EL CASTILLO INTERIOR

Jesús Abades (02/12/2023)


 

 

Tal vez por su ascendencia militar y erudita (su padre era oficial del ejército español, y su madre, maestra), Concha Velasco siempre llevó la rebeldía en las venas y la revolución en el corazón. Aunque de buena cuna vallisoletana, y con firme formación conservadora y religiosa (una de sus parejas fue José Luis Sáenz de Heredia), la protagonista de "La hora bruja" y "El love feroz" fue ye-ye en los estertores de la dictadura, se destapó sin problemas cuando "el guion lo requería", abjuró de su familia en aras de una santa (su encarnación de la mística Teresa de Ávila fue, junto con la corista de "Pim, pam, pum... ¡Fuego!" y la trepa choderliana de "Tormento", su mejor papel en ámbitos no teatrales) y hubiera vendido el alma al diablo por conseguir el papel de su vida en la pantalla grande, siempre aún por llegar cada vez que, como el que esto escribe, la cuestionaban sobre el tema. Ni un Berlanga ya en horas bajas lo pudo conseguir.

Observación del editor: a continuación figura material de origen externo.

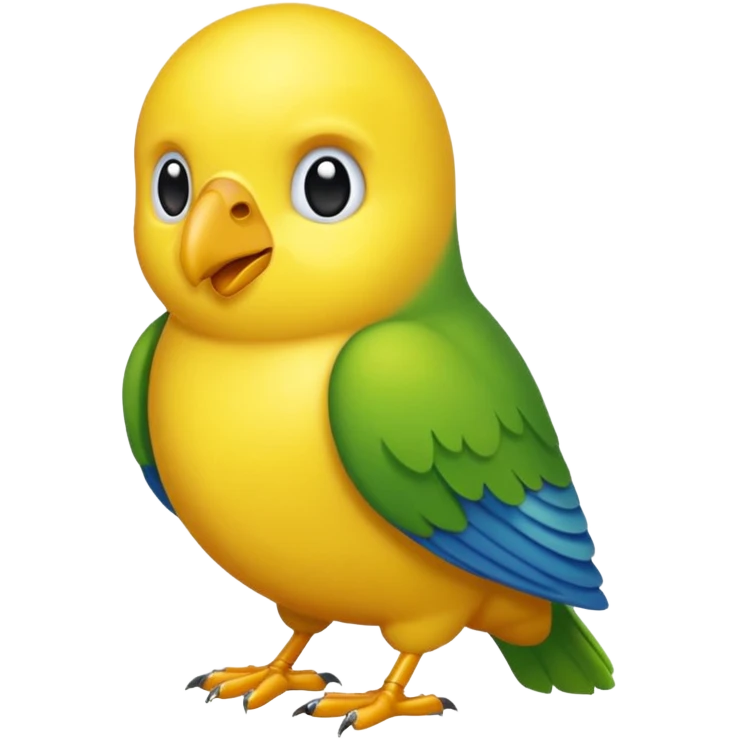 Pappagallo giallo e blu con il giallo sul petto le ali e la coda blu e la fronte poco poco verde emoji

Mi primer encuentro con ella fue a raíz de su arrollador paso por las bambalinas del Lope de Vega con "Hello, Dolly". El teatro era un ambiente en el que se desenvolvía como pez en el agua desde que, con 14 años, se subió por primera vez a las tablas para ejercer de bailarina. Siempre aterrada ante un posible parón laboral, declaró su intención de abandonar las representaciones del musical y continuar su travesía entre tramoyas bajo la batuta de su amigo-enemigo Antonio Gala, quien escribió expresamente para ella obras como "Carmen, Carmen", "La truhana" y "Las manzanas del viernes".

El segundo encuentro tuvo lugar, precisamente, con "Inés, desabrochada", una pieza teatral ambientada en la picaresca monjil de la España del siglo XVII en la que Concha se desmelenó magistralmente en escena, al estilo de la "Hécuba" de Eurípides que bordó en sus últimos años. Con "Inés, desabrochada" no solo volvió a reafirmar el estatus de musa particular de Gala que tuvo durante muchos años, sino que pudo dejar atrás ese triste periplo catódico llamado "Tiempo al tiempo" (del que derivó la famosa llamada de la folclórica gafe en su cortijo de Canal Sur). Claro que, como ella misma decía, mejor cosas como esa que estar mordiéndote las uñas en tu casa esperando que suene el teléfono. No hablaré del bulo de "Sorpresa, sorpresa" por respeto a su carrera y porque a España siempre le ha encantado beber cianuro.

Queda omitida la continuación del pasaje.